▸ Assignment
In the listing below, find the line with "Continuing, this node" and copy every line from there up to and including the line with "We can basically", exactly and without pictures.

▸ Data supplied
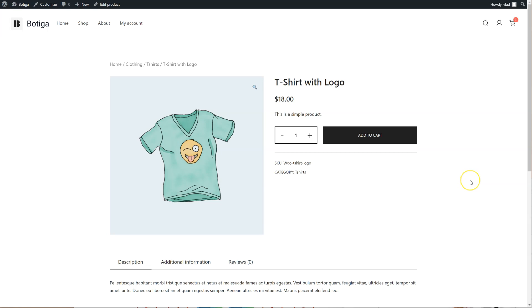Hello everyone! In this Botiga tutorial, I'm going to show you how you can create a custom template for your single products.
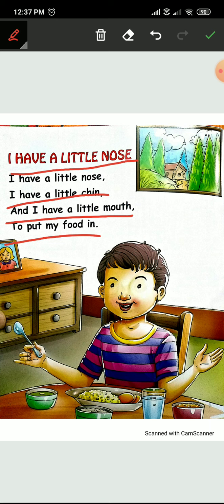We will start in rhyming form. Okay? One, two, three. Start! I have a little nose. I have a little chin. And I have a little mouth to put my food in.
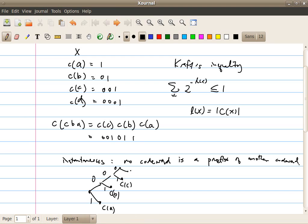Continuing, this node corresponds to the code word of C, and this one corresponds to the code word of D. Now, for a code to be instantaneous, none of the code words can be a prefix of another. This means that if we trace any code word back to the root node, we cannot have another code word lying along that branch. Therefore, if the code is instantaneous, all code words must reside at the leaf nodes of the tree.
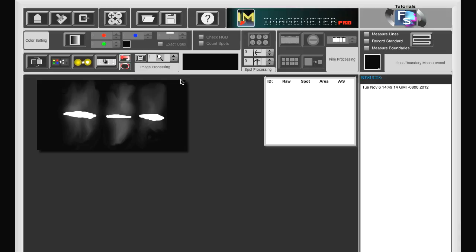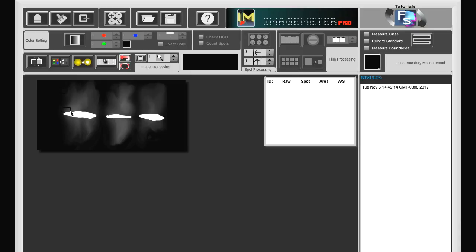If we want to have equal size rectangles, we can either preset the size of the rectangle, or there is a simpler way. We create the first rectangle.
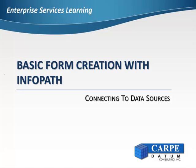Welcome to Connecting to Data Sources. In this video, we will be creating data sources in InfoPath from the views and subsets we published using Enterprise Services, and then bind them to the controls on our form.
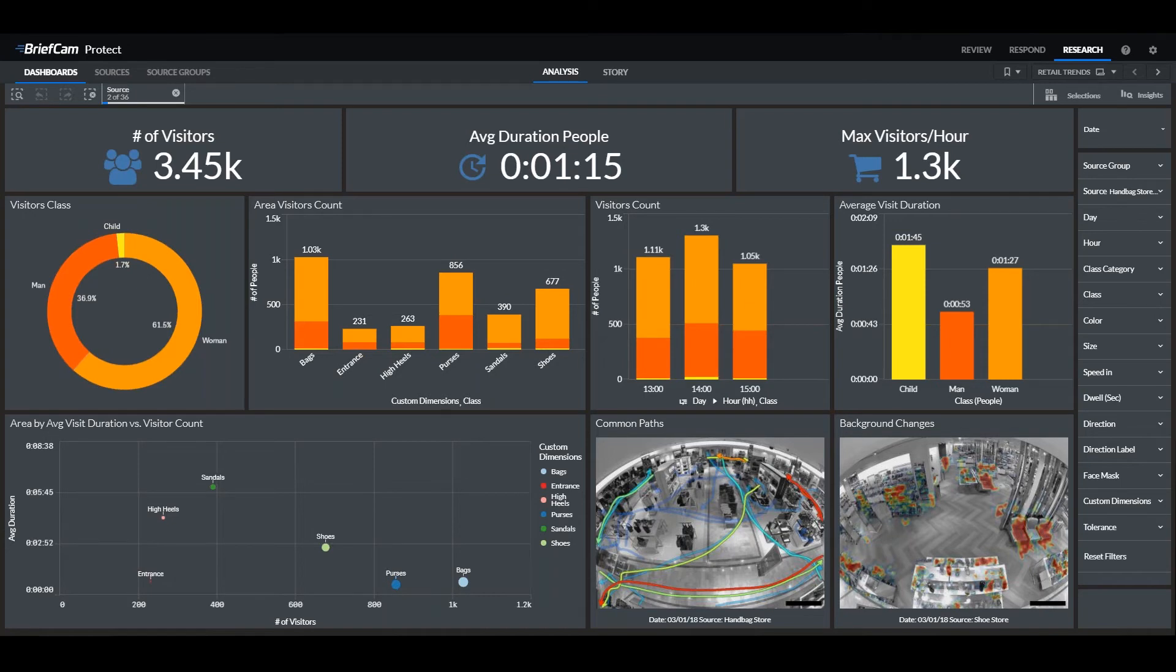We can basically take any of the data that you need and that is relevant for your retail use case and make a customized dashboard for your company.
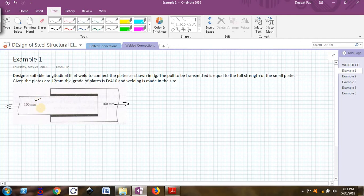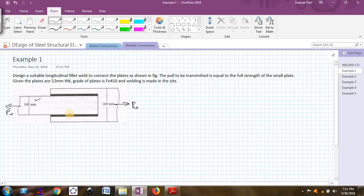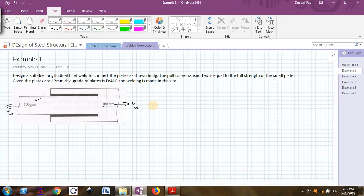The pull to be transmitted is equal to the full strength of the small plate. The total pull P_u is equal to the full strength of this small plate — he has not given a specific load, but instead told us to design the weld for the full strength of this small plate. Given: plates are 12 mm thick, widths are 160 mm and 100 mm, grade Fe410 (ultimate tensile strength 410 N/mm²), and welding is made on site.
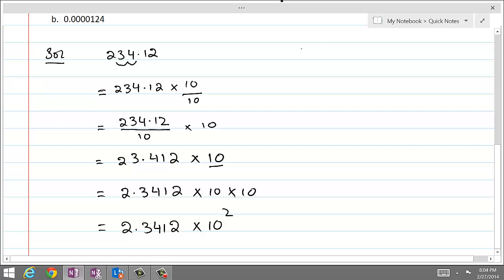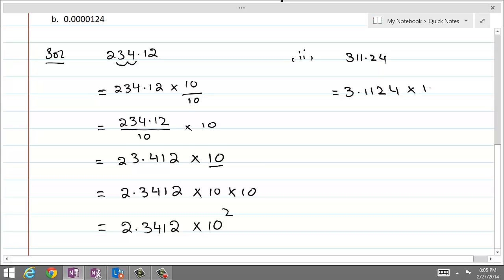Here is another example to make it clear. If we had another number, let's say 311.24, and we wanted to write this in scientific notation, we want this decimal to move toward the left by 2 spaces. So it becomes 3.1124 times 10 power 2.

▸ Solution to this exercise
Continuing, this node corresponds to the code word of C, and this one corresponds to the code word of D. Now, for a code to be instantaneous, none of the code words can be a prefix of another. This means that if we trace any code word back to the root node, we cannot have another code word lying along that branch. Therefore, if the code is instantaneous, all code words must reside at the leaf nodes of the tree.
If we want to have equal size rectangles, we can either preset the size of the rectangle, or there is a simpler way. We create the first rectangle.
Welcome to Connecting to Data Sources. In this video, we will be creating data sources in InfoPath from the views and subsets we published using Enterprise Services, and then bind them to the controls on our form.
We can basically take any of the data that you need and that is relevant for your retail use case and make a customized dashboard for your company.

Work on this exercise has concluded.